> _Items from a dataset_:

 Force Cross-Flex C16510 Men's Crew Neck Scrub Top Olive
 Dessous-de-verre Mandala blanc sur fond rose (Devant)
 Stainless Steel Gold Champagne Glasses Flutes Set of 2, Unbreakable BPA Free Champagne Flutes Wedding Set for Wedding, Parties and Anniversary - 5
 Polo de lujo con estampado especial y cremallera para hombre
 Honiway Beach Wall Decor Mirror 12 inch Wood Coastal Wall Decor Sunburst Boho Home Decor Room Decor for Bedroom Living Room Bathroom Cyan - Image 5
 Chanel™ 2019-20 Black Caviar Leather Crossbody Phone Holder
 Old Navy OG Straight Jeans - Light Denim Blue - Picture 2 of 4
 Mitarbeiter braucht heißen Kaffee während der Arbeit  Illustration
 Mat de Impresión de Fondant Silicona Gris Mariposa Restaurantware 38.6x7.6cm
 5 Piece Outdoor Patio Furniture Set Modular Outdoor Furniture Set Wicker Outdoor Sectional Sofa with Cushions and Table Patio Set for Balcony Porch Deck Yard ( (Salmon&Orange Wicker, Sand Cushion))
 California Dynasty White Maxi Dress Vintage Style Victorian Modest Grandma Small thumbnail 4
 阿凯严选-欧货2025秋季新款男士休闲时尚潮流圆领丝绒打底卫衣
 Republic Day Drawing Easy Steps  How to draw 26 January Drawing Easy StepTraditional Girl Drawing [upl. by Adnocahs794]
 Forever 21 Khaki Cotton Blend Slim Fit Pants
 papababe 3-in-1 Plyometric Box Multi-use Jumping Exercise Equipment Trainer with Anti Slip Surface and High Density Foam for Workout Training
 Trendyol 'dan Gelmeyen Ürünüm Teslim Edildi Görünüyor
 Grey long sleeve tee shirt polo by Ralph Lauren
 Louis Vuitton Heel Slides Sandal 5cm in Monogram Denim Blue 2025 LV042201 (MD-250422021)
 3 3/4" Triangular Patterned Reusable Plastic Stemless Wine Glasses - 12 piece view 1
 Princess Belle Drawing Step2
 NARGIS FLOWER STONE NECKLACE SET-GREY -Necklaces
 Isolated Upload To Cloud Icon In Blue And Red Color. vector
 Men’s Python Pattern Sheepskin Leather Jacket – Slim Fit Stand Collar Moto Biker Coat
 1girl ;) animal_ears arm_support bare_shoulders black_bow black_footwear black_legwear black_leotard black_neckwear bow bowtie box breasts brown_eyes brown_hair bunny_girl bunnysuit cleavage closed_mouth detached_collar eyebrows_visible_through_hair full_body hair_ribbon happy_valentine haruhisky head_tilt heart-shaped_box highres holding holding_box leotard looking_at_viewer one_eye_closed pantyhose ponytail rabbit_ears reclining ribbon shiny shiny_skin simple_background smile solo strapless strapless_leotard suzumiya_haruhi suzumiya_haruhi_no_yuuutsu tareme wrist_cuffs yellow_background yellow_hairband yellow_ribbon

> _EXERCISE AIM_: From the records above, give again exactly the lines running from the line with "Chanel™ 2019-20 Black" to the line with "Forever 21 Khaki Cotton Blend Slim Fit Pants", inclusive.

> _EXPECTED ANSWER_:
 Chanel™ 2019-20 Black Caviar Leather Crossbody Phone Holder
 Old Navy OG Straight Jeans - Light Denim Blue - Picture 2 of 4
 Mitarbeiter braucht heißen Kaffee während der Arbeit  Illustration
 Mat de Impresión de Fondant Silicona Gris Mariposa Restaurantware 38.6x7.6cm
 5 Piece Outdoor Patio Furniture Set Modular Outdoor Furniture Set Wicker Outdoor Sectional Sofa with Cushions and Table Patio Set for Balcony Porch Deck Yard ( (Salmon&Orange Wicker, Sand Cushion))
 California Dynasty White Maxi Dress Vintage Style Victorian Modest Grandma Small thumbnail 4
 阿凯严选-欧货2025秋季新款男士休闲时尚潮流圆领丝绒打底卫衣
 Republic Day Drawing Easy Steps  How to draw 26 January Drawing Easy StepTraditional Girl Drawing [upl. by Adnocahs794]
 Forever 21 Khaki Cotton Blend Slim Fit Pants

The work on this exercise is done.